A Sportweek: «Andai a conoscerlo ad Appiano e mi accolse canticchiando Luci a San Siro. Le sue sconfitte sono momenti di ristrutturazione strategica»

Roberto Vecchioni coming out

Db Milano 05/12/2005 - concerto di Roberto Vecchioni / foto Daniele Buffa/Image nella foto: Roberto Vecchioni

Sportweek intervista Roberto Vecchioni. Il cantautore è tifosissimo dell’Inter.

«Per noi interisti, Mourinho è stato tutto! Era la madre e il padre, la moglie e i figli, il cane e il gatto… Nel 2010 non c’era altro per noi. Lo avevamo in testa per tutta la settimana. Avevamo del nostro allenatore portoghese un concetto così alto e così pieno che arrivavamo a pensare che quando perdeva lo faceva apposta. Quando stavamo pareggiando non ci perdevamo d’animo, ci dicevamo “tranquilli che adesso Mou mette 5 attaccanti e vinciamo».

Racconta di averlo conosciuto personalmente.

«Sì, sono andato ad Appiano Gentile un paio di volte per incontrarlo. E mi colpì la sua presenza di spirito, era preparato su tutto. Sapeva esattamente chi fossi e mi accolse canticchiando Luci a San Siro. Per me era una divinità… gli ho chiesto una foto, un suo autografo e lui ha voluto il mio».

Lo definisce un «po’ stregone» e sul triplete dice che «resta un’impresa impossibile da rifare». Era a Madrid nel 2010 per la finale col Bayern. Lo definisce uno dei giorni più importanti della sua vita, insieme alla laurea, al matrimonio, alla nascita dei figli e alla vittoria al Festival di Sanremo.

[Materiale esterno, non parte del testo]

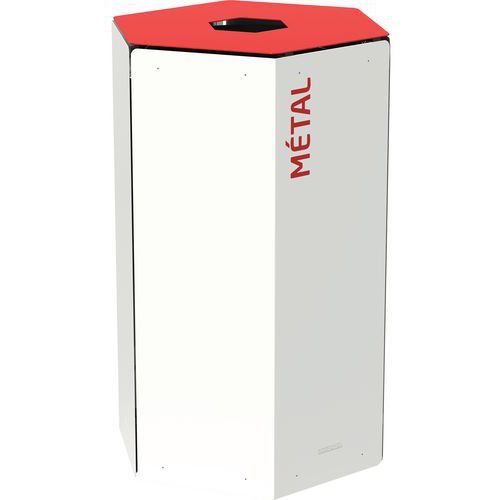 Corbeille Tri Métal 50 Litres - Sans Serrure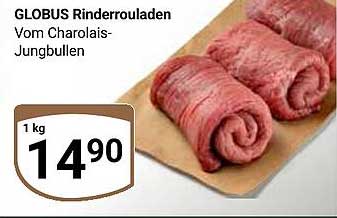 GLOBUS Rinderrouladen Vom Charolais-Jungbullen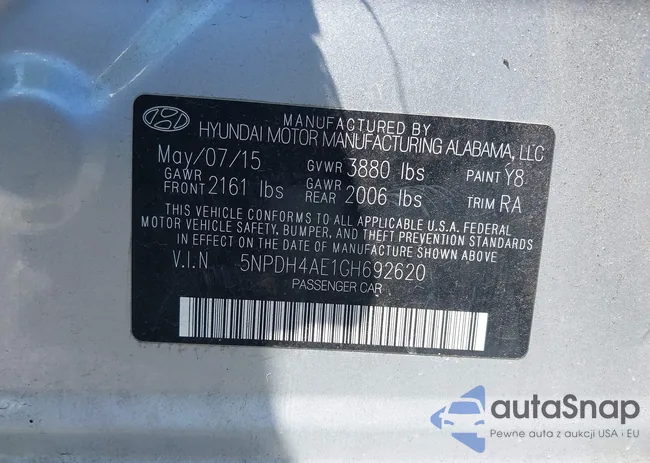 5NPDH4AE1GH692620: 42045989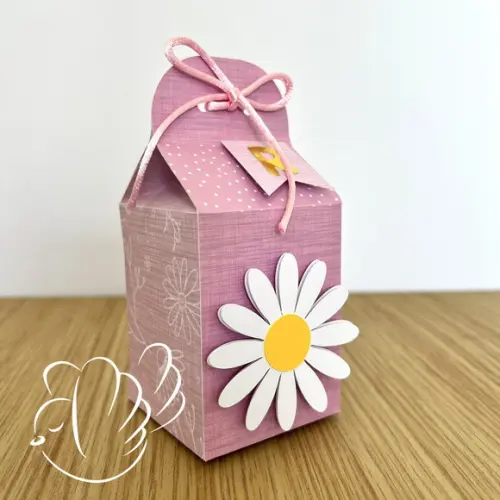 Personalizados-caixinhas- Margarida Rosa - 10 Itens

Nonostante sia passato alla Roma, Mourinho resta per lui un mito.

«Rimane un “bandido”… nel senso buono. È un personaggio pazzesco. Difficile entrare davvero nei suoi pensieri, ma è sempre un istrione, un grande comunicatore. Le sue sconfitte non sembrano mai sconfitte. Sono momenti di passaggio, sono momenti di ristrutturazione strategica. E comunque a Roma, al primo anno, sta già facendo bene».

Racconta come è diventato interista:

«Mio papà, un immigrato napoletano, tifava Milan negli anni d’oro del Gre-No-Li, la grande squadra di Green, Nordhal e Liedholm. Mi portava allo stadio e mi annoiavo a morte. Un giorno ho preso coraggio e gli ho chiesto se ci fosse un’altra squadra a Milano. Mi disse “Sì, ci sarebbe l’Inter, ma perde sempre…”. Bastarono quelle parole per farmi diventare immediatamente interista. Quella scelta ha segnato anche la mia vita, perché citando Bertold Brecht scelsi di sedermi dalla parte dei perdenti perché quella dei vincenti aveva tutti i posti occupati. E per istinto io sono sempre stato dalla parte degli ultimi».